A recap of the last four days:

Day 14 saw us wake after our first night sleep in France. Well my first nights sleep. Alan drunk Lucozade before he went to bed and was bouncing off the walls all night never sleeping a wink. He woke me at 4am to enquire how my sleep was. When I finally rose, it was to a crappy wet day, and put me in an immediate bad mood. In fact it was the hardest day of the whole trip for me as mentally the realisation of the next 800 – 900km more of cycling sunk in, and in the bloody rain.‎ I was determined to pump out at least 100km though to keep things moving, but all day we battled hill after hill on rough roads with headwinds and Alan called it a day at 80km in the small town of Abbyville. Alan was tired from the paddle the day before and the lack of decent distance did not make me much happier that evening so I was pumped to make up for it the next day.

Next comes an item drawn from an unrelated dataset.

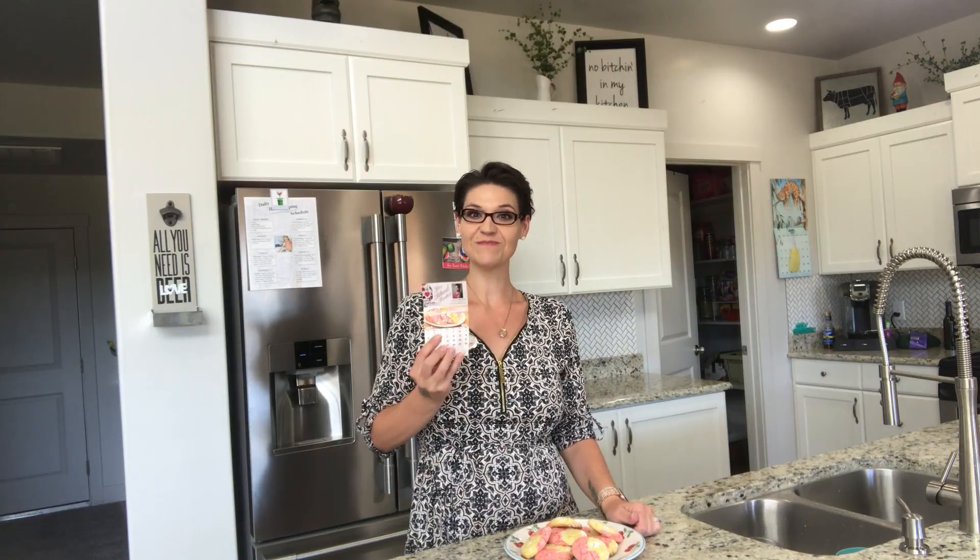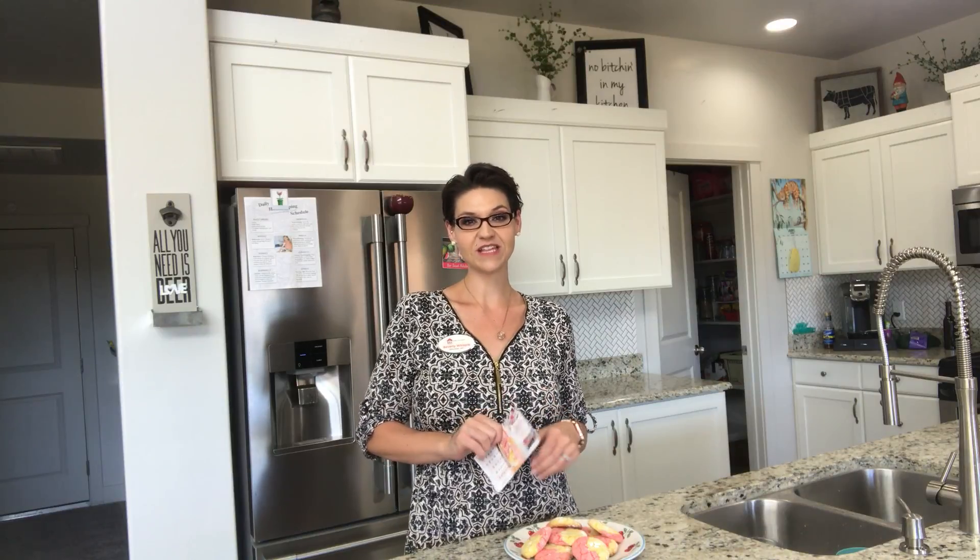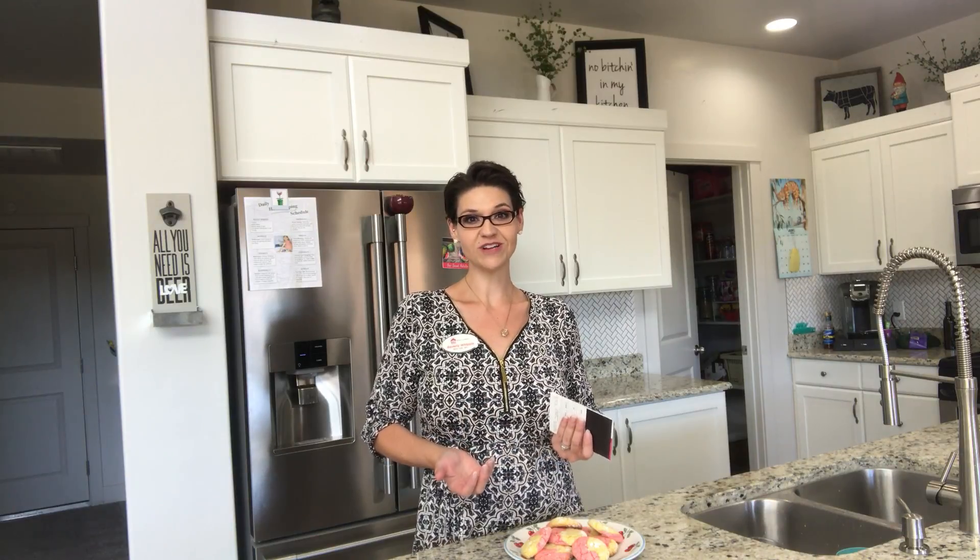Hey everybody, it's Beverly Whipple, your tattooed realtor at ERA. It is another new month — it's July — and you know what that means: time for another recipe on Bev Can Cook. This month I made the strawberry lemon cookies. These were very, very good — my favorite so far of everything I've made. They weren't too sweet, they weren't too bland. They were just the perfect summer little treat — excellent, very tart with the lemon, but not too tart.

Day 15 after a good sleep and breakfast saw us back in the‎ saddles and heading south. And today an amazing thing happened, the sun came out! We hadn’t seen the sun for five days and I can tell you that cycling for hour after hourin the rain is a demoralising experience. What a difference the sun made though as we blasted along, stopping in the city of Amiens for a look and then in a small village for lunch. Dealing with the French involves me trying to communicate with my very limited grammar recalled from two years studying French in high school 27 years ago (why did’nt I pay more attention?). Somehow Alan has decided I am the official translator for the trip and I generally make up huge amounts of lies  when I ‘translate’ to him what the French are saying. I order food by closing my eyes and pointing anywhere on the menu my finger lands. It’s worked ok so far and we had fish casserole with pasta for lunch even though I thought I ordered a sandwich and a coke. We knocked out a whopping 146km all the way to Senlis on day 15 and had our first experience riding over cobbled streets which almost shook my teeth out. (Before you Lycra wearing, thin tyred road cyclists start smirking at 146km not being very far, do remember we are riding mountain bikes carrying all our gear in pannier bags and ruck sacks including full camping kit). We celebrated that night with a glass of beer and I washed my socks. 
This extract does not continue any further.